EXCERPTED RECORDS START
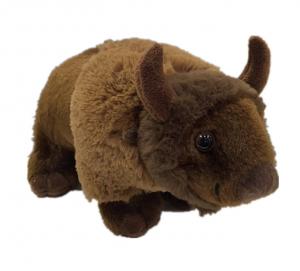 Cheap 7.87 Inch 20cm Chinese New Year Ox Plush Stuffed Animal Recycled Material for sale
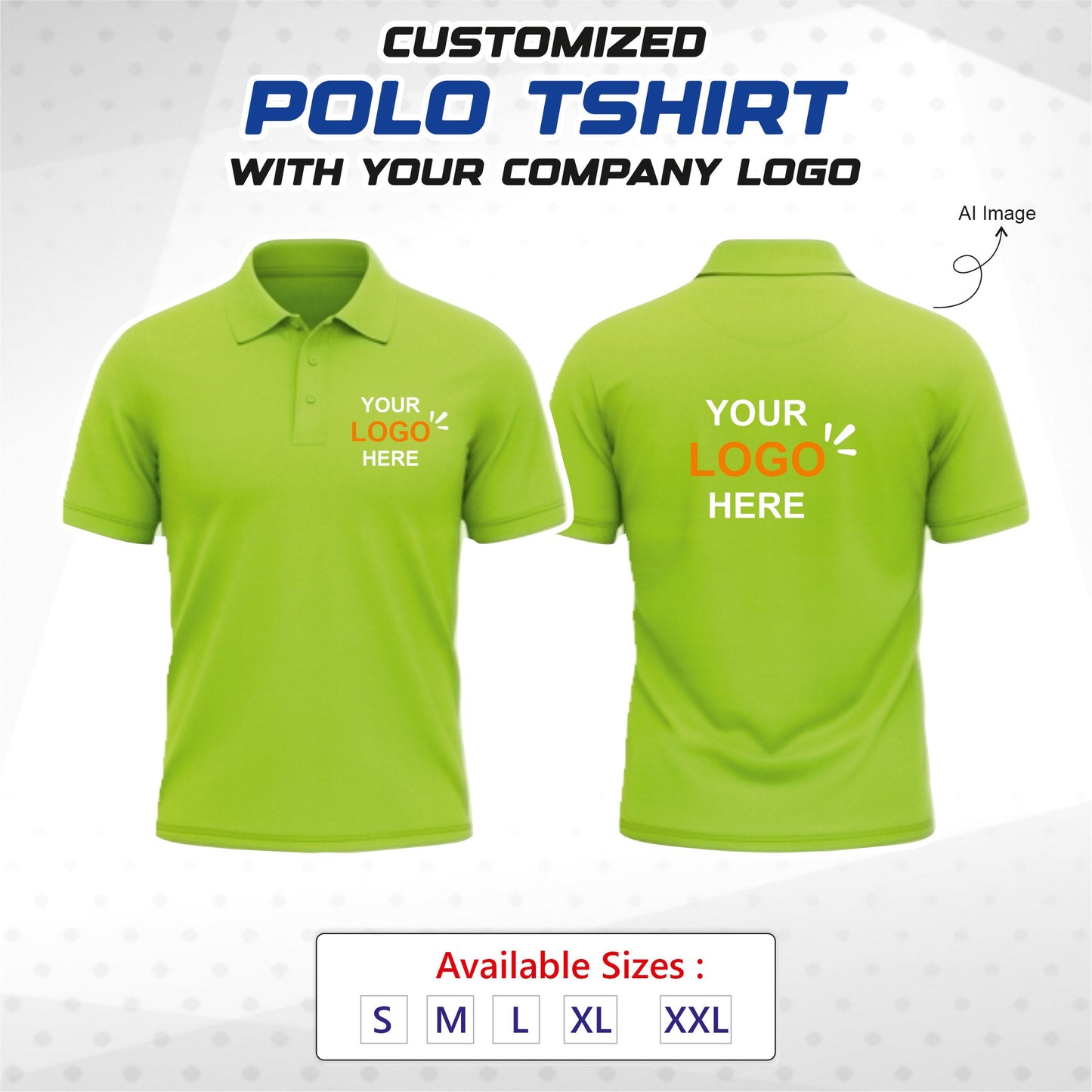 Customize Polo T - shirt My Store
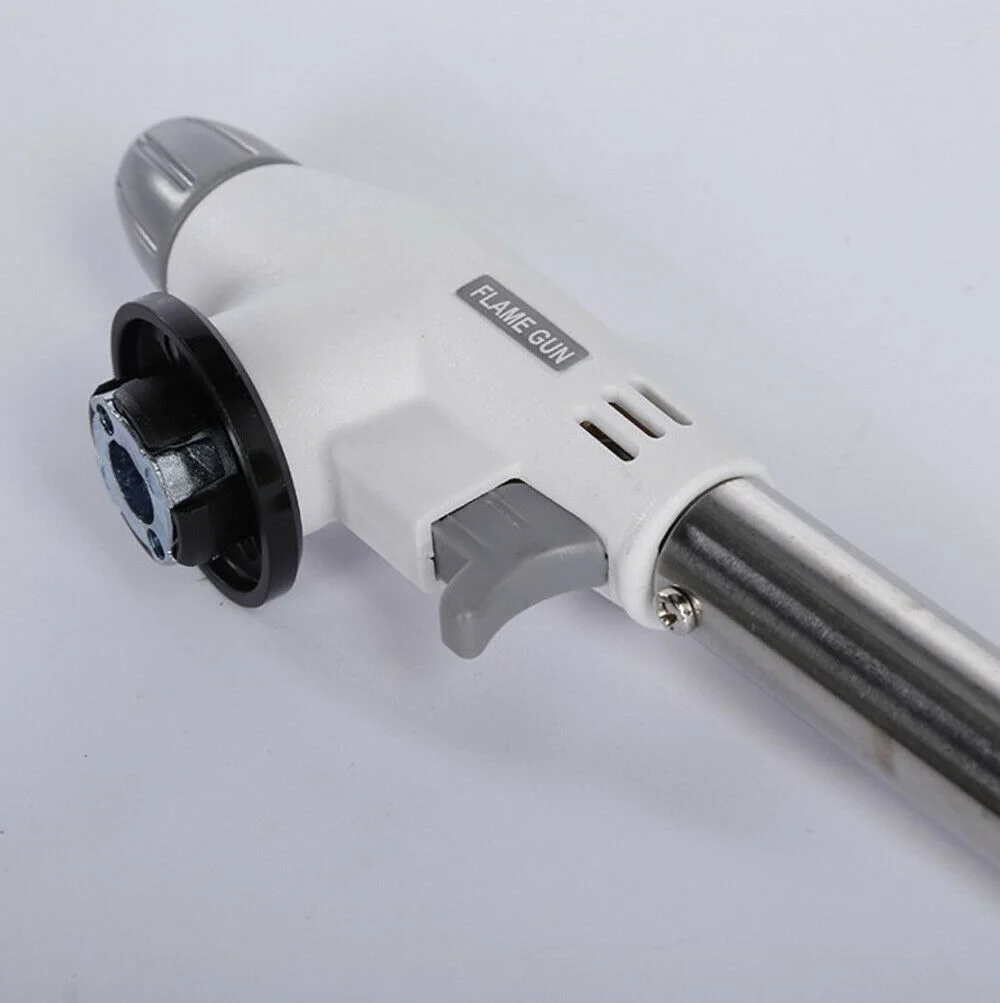 Camping Butane Gas Bbq Flame Gun Fire Maker Burner Heating Torch Camping Piezo Gas Welding gas torch burner flame gun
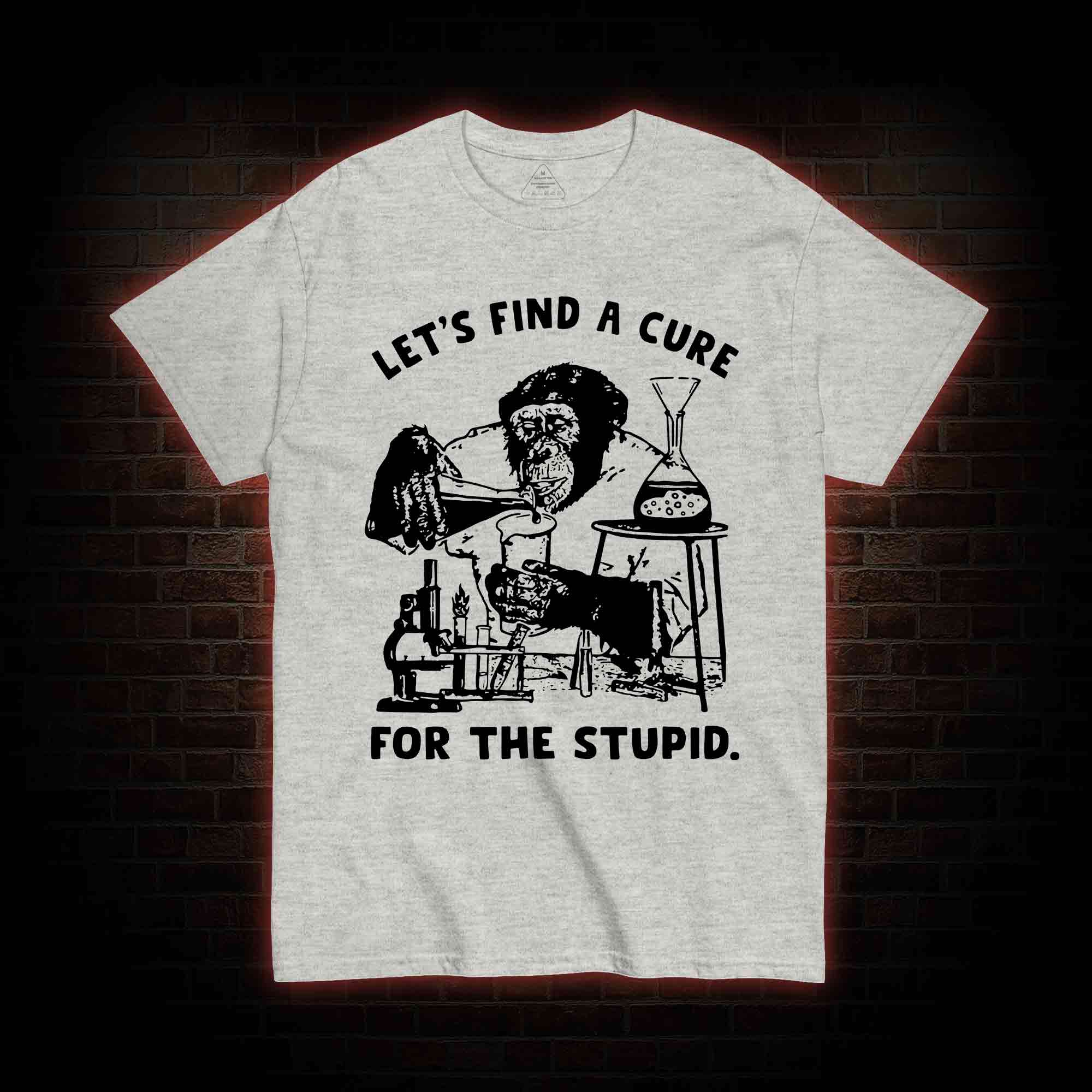 Let's Find A Cure T-shirt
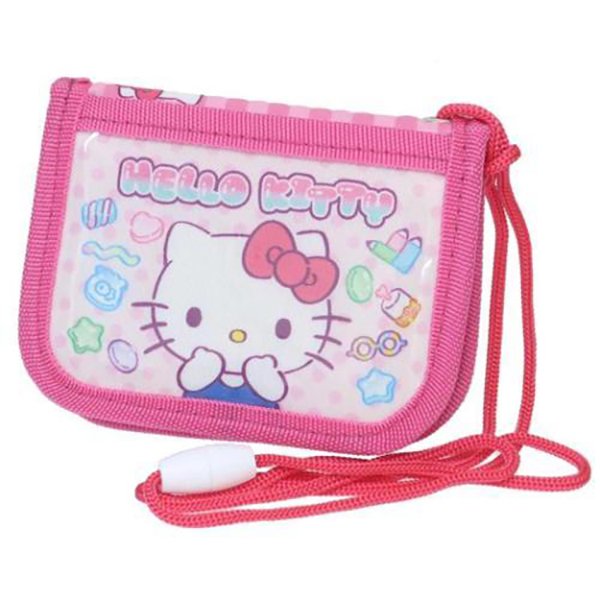 Rilakkuma Mesh coin pouch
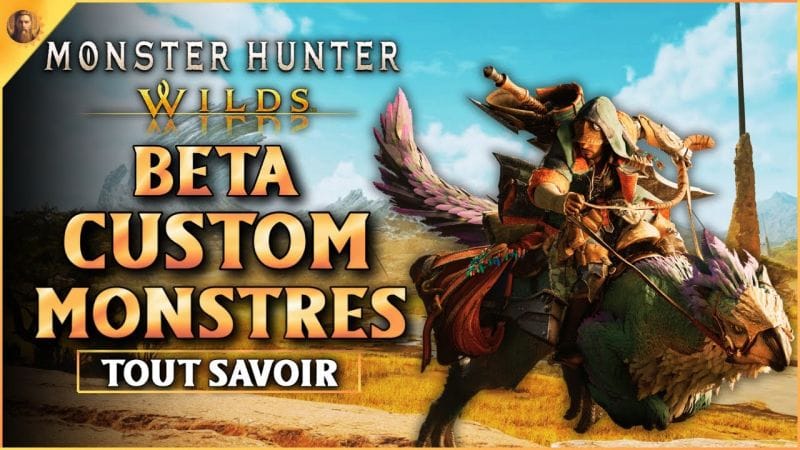 Monster Hunter Wilds : Le plein de nouvelles infos ! Monstre, Biome, Personnalisation !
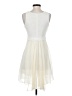 BCBGeneration Solid Ivory Cocktail Dress Size 0 - photo 2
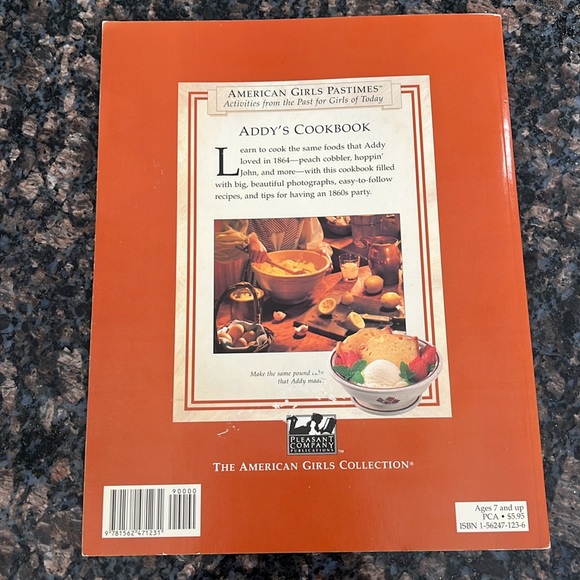 American Girl Addy’s Cookbook - Picture 5 of 6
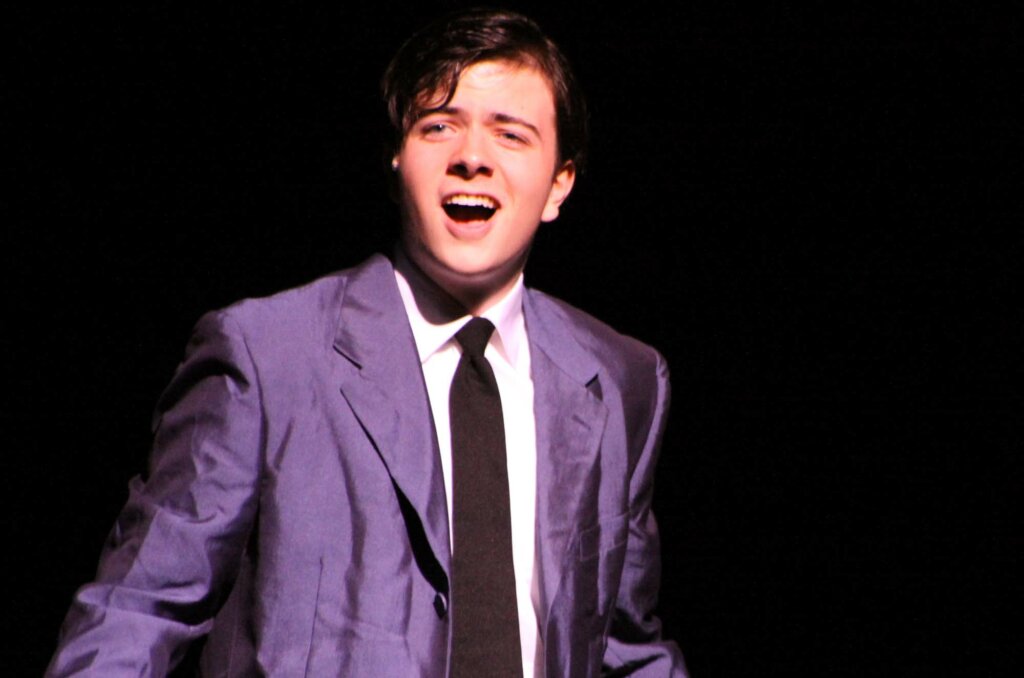 Harold Eric Theurer ’13 in West Side Story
EXCERPTED RECORDS END
Set the listing down in full and exactly. Pictures within it should not appear in the copy.

EXPECTED ANSWER ::
 Cheap 7.87 Inch 20cm Chinese New Year Ox Plush Stuffed Animal Recycled Material for sale
 Customize Polo T - shirt My Store
 Camping Butane Gas Bbq Flame Gun Fire Maker Burner Heating Torch Camping Piezo Gas Welding gas torch burner flame gun
 Let's Find A Cure T-shirt
 Rilakkuma Mesh coin pouch
 Monster Hunter Wilds : Le plein de nouvelles infos ! Monstre, Biome, Personnalisation !
 BCBGeneration Solid Ivory Cocktail Dress Size 0 - photo 2
 American Girl Addy’s Cookbook - Picture 5 of 6
 Harold Eric Theurer ’13 in West Side Story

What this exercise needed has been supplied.